-- Directions for this task --
Find the line containing "仙台箪笥 仙台厨子 四枚扉 拭き漆調" in the entries below. Restate it and each line after it, word for word, up to and including the line containing "caca - T-shirt".

-- Data --
───

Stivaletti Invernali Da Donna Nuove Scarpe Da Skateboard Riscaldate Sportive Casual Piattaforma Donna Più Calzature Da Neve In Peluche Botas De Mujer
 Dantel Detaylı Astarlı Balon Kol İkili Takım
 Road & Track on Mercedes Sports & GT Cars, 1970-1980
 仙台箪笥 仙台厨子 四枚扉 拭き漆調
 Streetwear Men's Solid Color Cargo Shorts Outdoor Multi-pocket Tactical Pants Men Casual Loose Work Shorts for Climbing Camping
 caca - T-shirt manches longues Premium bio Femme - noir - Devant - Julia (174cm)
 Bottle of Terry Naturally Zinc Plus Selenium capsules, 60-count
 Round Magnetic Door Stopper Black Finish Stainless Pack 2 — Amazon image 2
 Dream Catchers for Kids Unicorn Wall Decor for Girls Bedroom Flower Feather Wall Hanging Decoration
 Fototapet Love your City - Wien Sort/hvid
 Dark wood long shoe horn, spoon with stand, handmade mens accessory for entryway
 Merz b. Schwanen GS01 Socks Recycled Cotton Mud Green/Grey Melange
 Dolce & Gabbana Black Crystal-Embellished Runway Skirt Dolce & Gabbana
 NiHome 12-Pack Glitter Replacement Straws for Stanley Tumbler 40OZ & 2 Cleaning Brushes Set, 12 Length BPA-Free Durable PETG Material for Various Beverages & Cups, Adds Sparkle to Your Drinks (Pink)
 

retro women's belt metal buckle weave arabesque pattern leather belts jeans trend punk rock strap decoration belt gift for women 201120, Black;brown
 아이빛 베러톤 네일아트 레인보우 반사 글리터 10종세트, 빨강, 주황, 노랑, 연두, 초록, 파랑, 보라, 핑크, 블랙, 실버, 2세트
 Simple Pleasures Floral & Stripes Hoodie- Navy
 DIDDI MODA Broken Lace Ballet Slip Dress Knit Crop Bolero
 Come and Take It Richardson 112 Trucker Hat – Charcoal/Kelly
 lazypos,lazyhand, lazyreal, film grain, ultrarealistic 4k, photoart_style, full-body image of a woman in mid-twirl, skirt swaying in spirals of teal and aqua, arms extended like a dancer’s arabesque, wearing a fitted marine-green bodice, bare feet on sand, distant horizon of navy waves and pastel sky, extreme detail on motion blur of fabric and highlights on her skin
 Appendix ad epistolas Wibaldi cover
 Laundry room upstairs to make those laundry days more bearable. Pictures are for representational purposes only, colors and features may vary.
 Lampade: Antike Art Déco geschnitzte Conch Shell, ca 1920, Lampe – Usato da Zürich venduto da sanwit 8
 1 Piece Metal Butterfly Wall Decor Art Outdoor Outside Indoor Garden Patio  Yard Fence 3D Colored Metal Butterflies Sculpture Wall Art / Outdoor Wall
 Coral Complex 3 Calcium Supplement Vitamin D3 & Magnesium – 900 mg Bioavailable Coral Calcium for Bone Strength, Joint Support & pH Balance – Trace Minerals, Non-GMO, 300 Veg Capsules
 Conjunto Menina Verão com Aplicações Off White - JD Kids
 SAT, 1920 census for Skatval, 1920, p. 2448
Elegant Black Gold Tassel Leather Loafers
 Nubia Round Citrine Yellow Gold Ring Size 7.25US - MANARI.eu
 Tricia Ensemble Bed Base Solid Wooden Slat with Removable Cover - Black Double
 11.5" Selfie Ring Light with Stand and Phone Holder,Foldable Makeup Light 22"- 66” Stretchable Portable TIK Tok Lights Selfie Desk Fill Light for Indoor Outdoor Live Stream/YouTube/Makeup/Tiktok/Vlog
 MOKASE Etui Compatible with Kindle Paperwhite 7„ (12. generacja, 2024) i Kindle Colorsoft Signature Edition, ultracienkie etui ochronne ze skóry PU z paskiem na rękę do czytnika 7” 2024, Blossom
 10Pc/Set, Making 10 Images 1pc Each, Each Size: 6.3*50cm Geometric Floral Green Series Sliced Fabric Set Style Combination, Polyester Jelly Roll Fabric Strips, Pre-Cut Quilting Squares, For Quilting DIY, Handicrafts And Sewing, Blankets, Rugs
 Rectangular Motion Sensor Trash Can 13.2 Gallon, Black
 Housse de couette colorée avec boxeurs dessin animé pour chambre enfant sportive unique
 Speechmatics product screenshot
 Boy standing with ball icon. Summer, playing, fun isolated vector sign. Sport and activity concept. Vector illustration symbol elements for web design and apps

───

-- Written response --
 仙台箪笥 仙台厨子 四枚扉 拭き漆調
 Streetwear Men's Solid Color Cargo Shorts Outdoor Multi-pocket Tactical Pants Men Casual Loose Work Shorts for Climbing Camping
 caca - T-shirt manches longues Premium bio Femme - noir - Devant - Julia (174cm)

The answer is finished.